Just as he prepares to lead his forces
into a final battle that appears hopeless, Harry discovers he is being helped
by a double Spymaster. Read
more . . .
Severus Snape has been the puppet master,
deep under cover for decades, exercising incredible self-control, pretending to
torment Harry, when in fact he was all along the guardian angel. In a flash, we
now understand how Harry and friends escaped so many impossible situations-
Snape was protecting them.
And now we know: the entire seven part
series belonged as much to Snape as it did to Harry. No other literary character
in history, as far as I can tell, ever maintained a secret double-agent cover
for seven books (thick books, too) spanning more than 19 years under the most
intense scrutiny, fooling the most powerful wizards of all, even those able to
read his mind. Truly, Snape became an extraordinary mixture of good and evil.

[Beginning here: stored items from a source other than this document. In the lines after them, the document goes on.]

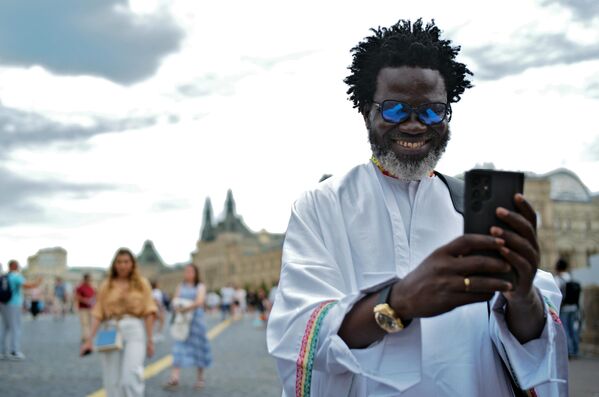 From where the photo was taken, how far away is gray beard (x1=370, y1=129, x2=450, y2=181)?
265cm

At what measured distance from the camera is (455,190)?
110 inches

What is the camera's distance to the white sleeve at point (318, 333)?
7.32 feet

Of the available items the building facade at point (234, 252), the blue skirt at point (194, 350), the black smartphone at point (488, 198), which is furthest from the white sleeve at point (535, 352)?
the building facade at point (234, 252)

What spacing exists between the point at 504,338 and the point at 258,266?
157m

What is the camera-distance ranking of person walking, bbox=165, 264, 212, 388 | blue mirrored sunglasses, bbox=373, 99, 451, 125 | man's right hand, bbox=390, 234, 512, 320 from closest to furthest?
man's right hand, bbox=390, 234, 512, 320 → blue mirrored sunglasses, bbox=373, 99, 451, 125 → person walking, bbox=165, 264, 212, 388

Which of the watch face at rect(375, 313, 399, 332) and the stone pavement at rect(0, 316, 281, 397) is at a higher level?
the watch face at rect(375, 313, 399, 332)

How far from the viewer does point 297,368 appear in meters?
2.33

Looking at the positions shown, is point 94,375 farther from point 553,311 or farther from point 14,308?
point 553,311

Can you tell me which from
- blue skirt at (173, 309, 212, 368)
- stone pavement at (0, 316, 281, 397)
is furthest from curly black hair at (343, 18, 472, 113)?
blue skirt at (173, 309, 212, 368)

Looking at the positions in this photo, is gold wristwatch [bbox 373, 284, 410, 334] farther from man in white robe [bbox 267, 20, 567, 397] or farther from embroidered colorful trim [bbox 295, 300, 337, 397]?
embroidered colorful trim [bbox 295, 300, 337, 397]

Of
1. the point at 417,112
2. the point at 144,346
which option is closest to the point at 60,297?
the point at 144,346

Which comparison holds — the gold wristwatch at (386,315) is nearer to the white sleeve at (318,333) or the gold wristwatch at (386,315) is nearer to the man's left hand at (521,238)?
the white sleeve at (318,333)

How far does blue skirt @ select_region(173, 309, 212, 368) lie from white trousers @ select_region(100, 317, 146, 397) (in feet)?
10.9

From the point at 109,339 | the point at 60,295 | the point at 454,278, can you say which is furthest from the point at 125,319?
the point at 60,295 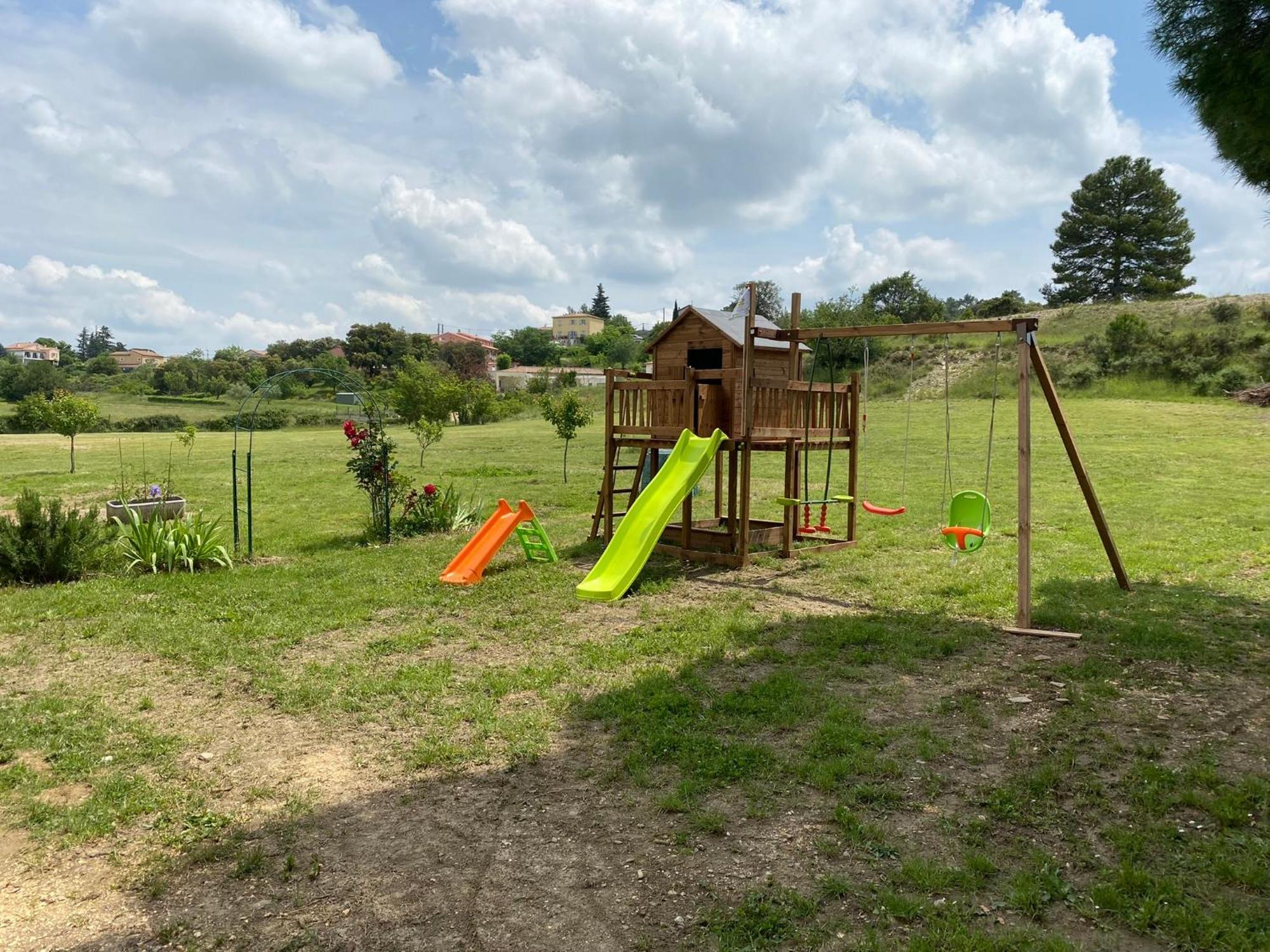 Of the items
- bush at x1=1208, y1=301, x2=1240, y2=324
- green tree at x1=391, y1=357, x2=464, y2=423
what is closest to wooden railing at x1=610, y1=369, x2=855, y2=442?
green tree at x1=391, y1=357, x2=464, y2=423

Confused? Naturally. None of this could
work without the maximal confusion. That makes Snape by far the most
interesting character of the Hogwarts world.
Sun Tzu and Niccolo Machiavelli, John le
Carré and Shakespeare all would applaud. Who is the double Snape really working
for? Can he tell a hawk from a handsaw? Really good double agents don't even
know. Snape is an anti-hero that must integrate every level of his story double
story, and present himself as monster even to their closest friend to avoid
detection. The divided double-agent consciousness often drives them to believe
themselves mad.
Snape (and by extension the puppet's
puppet master Dumbledore) was directing both sides of the wizarding civil war!
Snape becomes Voldemort's consigliere, and effectively decapitates the
leadership of the renegades.
Snape's secret is as shocking as Darth
Vader revealing he is Luke's father! Snape effectively became a stand in for
Harry's father, to protect Harry for the sake of Harry's mother Lilly, the love
of Snape's life.
A love triangle leading to a torn
conscience and a double spy? That worked in Hamlet, in
To maintain his cover, Snape must not
hesitate to do horrible deeds. Just one example: Dumbledore actually orders
Snape to kill Dumbledore to absolutely remove any doubt of Snape's apparent
evilness.
Incredibly effective, but at a huge cost!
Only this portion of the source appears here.